• _DATA EXTRACT_:

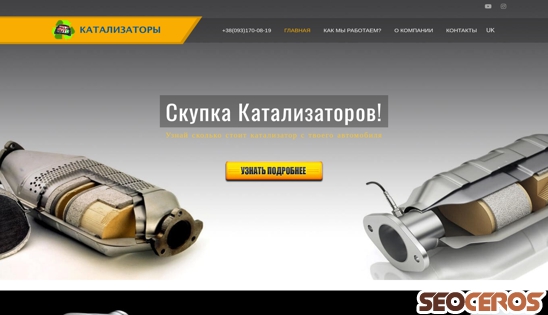 katalizatory.kiev.ua desktop Vista previa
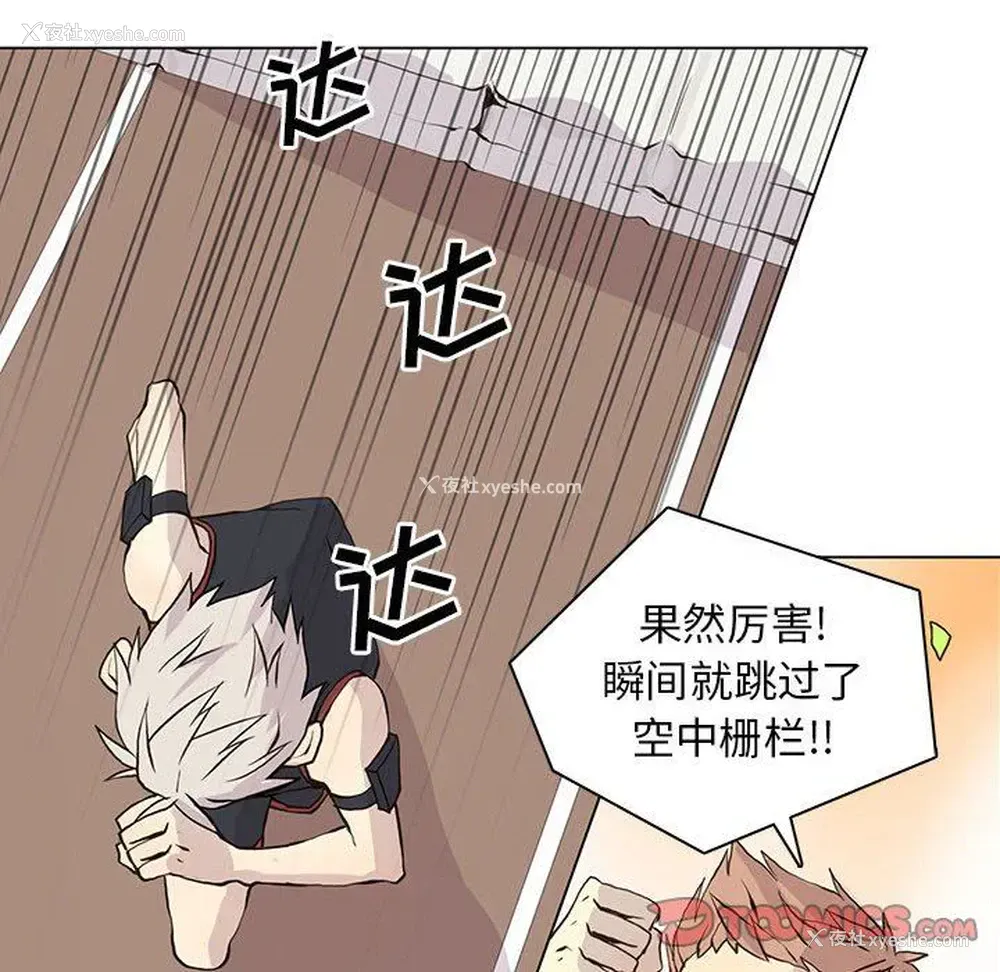 42P - 野性之城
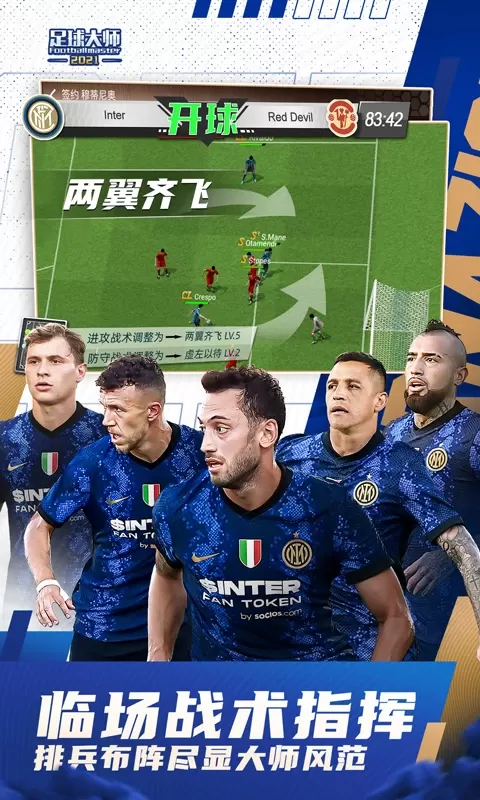 足球大师黄金一代安卓下载图2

• _TASK TO CARRY OUT_: Copy the listing exactly. No images belong in the copy.

• _TASK ANSWER_:
 katalizatory.kiev.ua desktop Vista previa
 42P - 野性之城
 足球大师黄金一代安卓下载图2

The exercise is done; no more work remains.